TBF, the system-build used for Ronan Point, and the pre-fabrication model used for the Barbican complex differ massively. The former was a Meccano kit assembled on-site, the latter used very few elements wholly pre-fabricated off-site, with sections tailored _in situ_ to fit together (which is why the Barbican complex has, for example, had fewer water penetration problems than most sytem-build).



> Another thing I've struggled to understand is why council tower blocks were located where they were, so far from public transport which surely would be essential for residents in them who would be far less likely to own a car than house dwellers.


 
Originally services were supposed to be extended to the estates. In some cases this happened, in other it didn't. Mostly to do with poor communication between different bodies, with no-one willing to take responsibility.


----------



## ViolentPanda (Apr 26, 2012)

Retro Specs said:


> It seems to me not that there just isn't any social housing being built these days, but very little housing at all.
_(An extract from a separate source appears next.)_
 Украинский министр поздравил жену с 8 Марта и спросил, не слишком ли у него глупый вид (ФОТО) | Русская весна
Which seem strange given the prices rents have gone up to for those of us not lucky to be from the generation when getting a council properties was somewhat easier.


 
The UK economy is supported by our housing price bubble here in the south. If supply is eased beyond the occasional gesture, then house prices will either stagnate or fall. Either will undermine whoever is in government, and make life less profitable for many of their sponsors.
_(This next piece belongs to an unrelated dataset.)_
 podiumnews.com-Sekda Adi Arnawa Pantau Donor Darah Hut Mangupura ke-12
> It seem strange that developers aren't following the money and building high density near the centre where rents are highest (actually rents are probably higher in the pseudo centre around Kensington, but that area just feels like a rich persons playground rather than a true part of centre to me).
> 
> There's a decent amount of former industrial land that could be built on near King's Cross...


 
You'd probably need to check, but you'll probably find that about two-thirds of that land is already under development, or can't currently be built on until tunneling operations in the area have ceased (some time in the 2020s for the tunneling for various line extensions and cross-links).
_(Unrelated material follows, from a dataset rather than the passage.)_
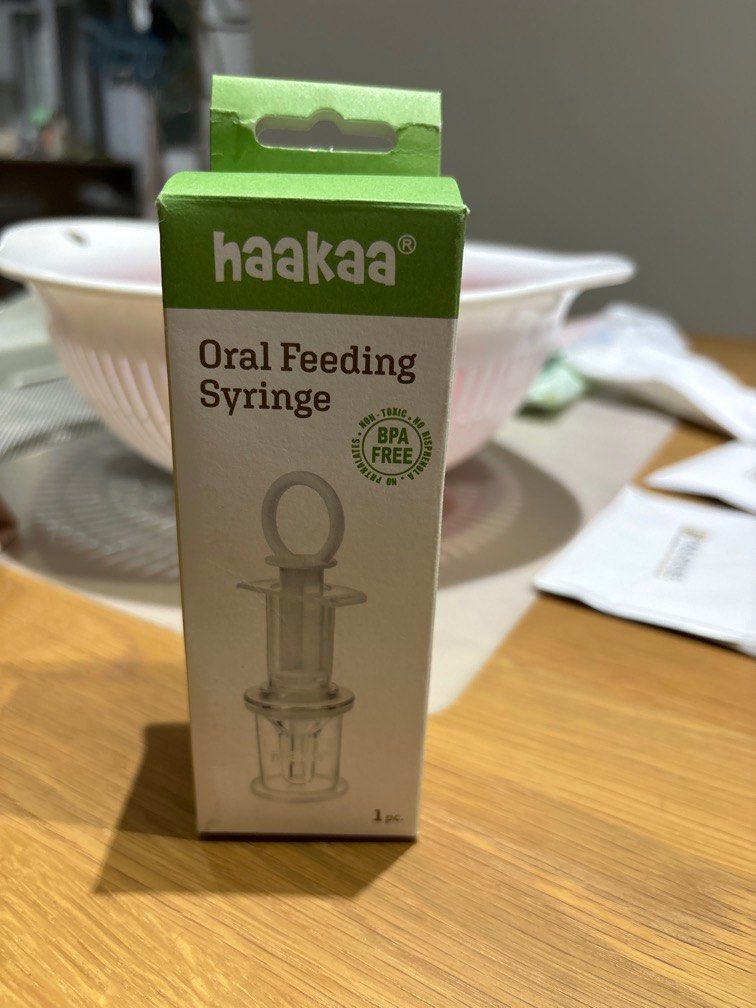 Oral Feeding Syringe by Haakaa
> and there's very low density housing near Euston and strangely recently built housing in Wapping minutes walk from Tower Hill (I took a walk around there in February and was shocked by how suburban somewhere so close to the centre could feel - also it's strangely council housing that was built in the early 90s if I remember correctly, which seems quite odd given that I'd thought most social housing building had finished long before that). Surely this sort of land would tempt developers - I struggle to see why it hasn't so far.


 
It won't be council housing, if it were built in the '90s, although it might be Housing Association, built in cooperation with the late Docklands Development Agency to replace some of the council housing that was razed.


----------



## Crispy (Apr 26, 2012)

Two reasons:

1. The housing bubble must be kept inflated at all costs
2. Getting high-rise buildings through the planning process is no easy business. If you're going to go to all that trouble, build offices - they're more profitable.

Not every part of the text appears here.